When I came home to babies, I felt so incredibly guiltly about what had happened. Savannah's stomach issues had become terrible during her unknown pregnancy, but I was glad that she and the babies were fine. Royce's owner said she would be glad to take one, but I had to convince her to still adopt a shelter rabbit as I did not want this baby to take a shelter' rabbits home away.

I have decided to keep the other three babies, as this was my fault. Yes, it will be a lot more money.. I will now have 7 rabbits, 3 guinea pigs, 1 rat, 1 gerbil, 1 mouse along with another two foster rabbits. I'm 18, and I live on my own. I go to school, and work full time. I already have enough money saved up to spay Savannah (when she gets better) and the other four babies.

What I'm trying to say is that.. =P If there is babies, and you decide to keep the pregnancy, just be prepared for the consequences... especially financial ones.


----------



## Becca (May 10, 2008)

To Everyone
I understand what you hgave all been saying but I cannot get Fluffball spayed now becuase we don't have enough money.

I do not get why people keep moaning at me - how was i supposed to know that Dippy was a buck? I beleived the breeder, but at least I decided to check and see if he was a buck instead of just ignoring the humping thing becuase sometimes they do that to show dominance.

Fluffball might not even be pregnant and if she is I have Tracy (Flashy) and a vet on emergency dial.

Also I am not biast, I beleive strongly in my avatar and want to make a difference to overflowing shelters.

If Fluffball is pregnant and the kits and her are ok I have prepared some questions for the people who want them to answer:
1. Have you had a rabbit(s) before?
2. What sort of housing will you keep them in?
3. Do you have enough time to be able to: cuddle, stroke, feed water the rabbits and clean the cages often?

I really don't know what else I can do I have tried my best but remember most of the people on here are 10,20,30 years older than me (I'm only 12) and you have had a lot of experience this is why people come on RO for help, so please help me


----------



## Leaf (May 10, 2008)

*BabyBunnies wrote: *


> To Everyone
> I understand what you hgave all been saying but I cannot get Fluffball spayed now becuase we don't have enough money.
> 
> I do not get why people keep moaning at me - how was i supposed to know that Dippy was a buck? I beleived the breeder, but at least I decided to check and see if he was a buck instead of just ignoring the humping thing becuase sometimes they do that to show dominance.
> ...




You're 12... so I'm 20 years older than you. :faint:

I think it's awesome that you understand the overpopulation problem and I love the avatar because it's such a stark reminder as to those in need.

As for people "moaning at you... we understand your age and how that can set limitations on money, but this:





> - even if she isn't this time when she is old enough we are going to let her get pregnant.
> 
> YAY




is what people generally have a hard time with.



I guess if she isn't pregnant now you could consider yourself lucky (and her as well). 

Since you have a cage on loan, you could easily keep them seperated thus ending a possible pregnancy. The way it sounds though, even if she isn't now - you'd like for her to be later on.
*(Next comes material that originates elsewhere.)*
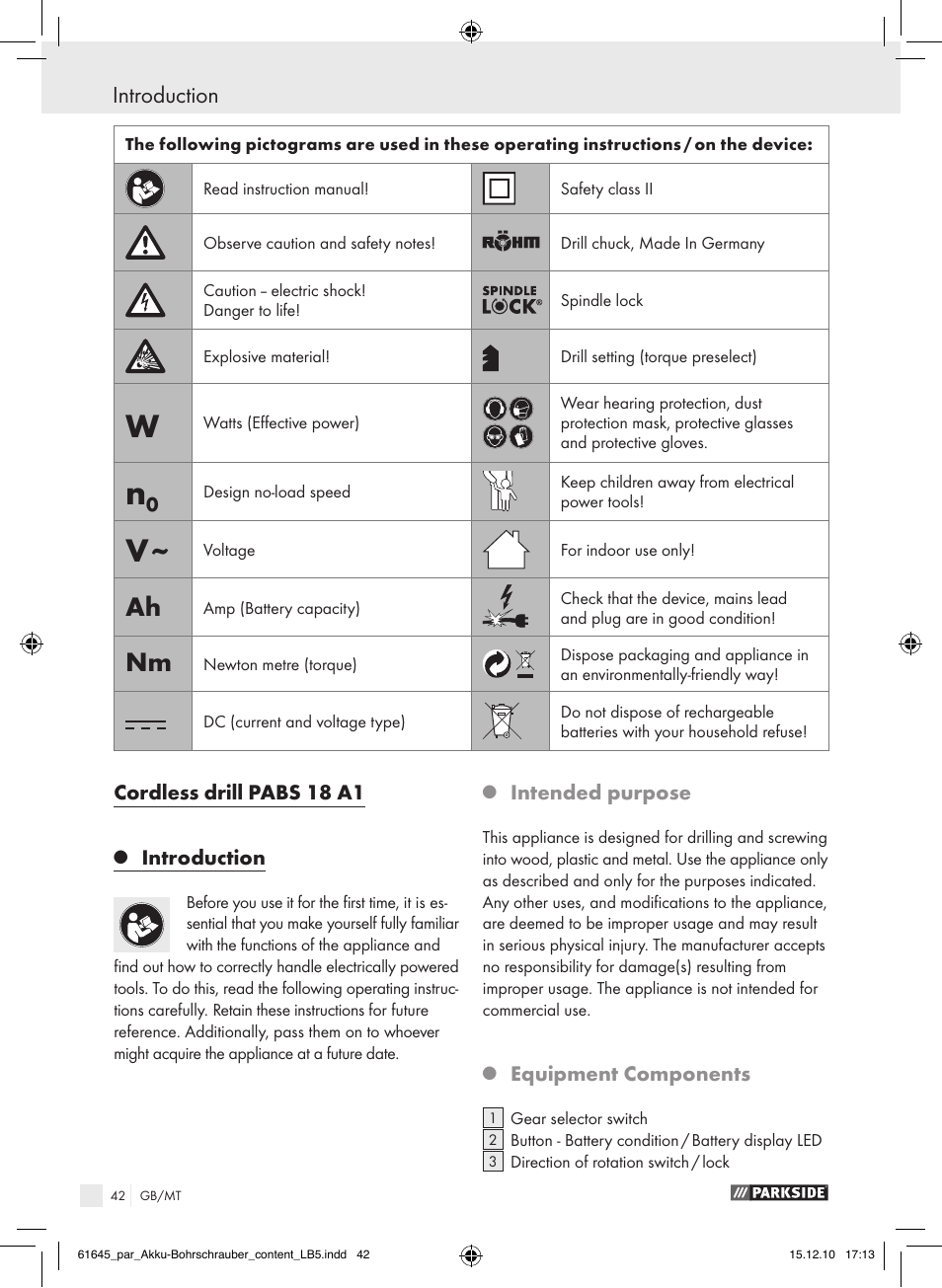 Introduction | Parkside PABS 18 A1 User Manual | Page 41 / 61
To me it would just be easier to seperate them and save up to have her spayed instead of somewhat planning to let them have a litter.

Not everyone on here has rabbits that are spayed and neutered, and opposite sexes can and do live in the same households. Perhaps some of your questions could also be about housing/care of unfixed animals (for the time being) so you could get input about how to successfully keep Dippy and Fluffball happy and without a litter if it's not already too late.

There are great reasons to breed, and there are great reasons not to. At 12 years old and without finances for a spay I'd be concerned about general and overall costs a single litter could incur.

Just starting out with pet bunnies, I'd consider not allowing the two in question to breed because vet trips can be necessary, trips that could cost more than a simple spay.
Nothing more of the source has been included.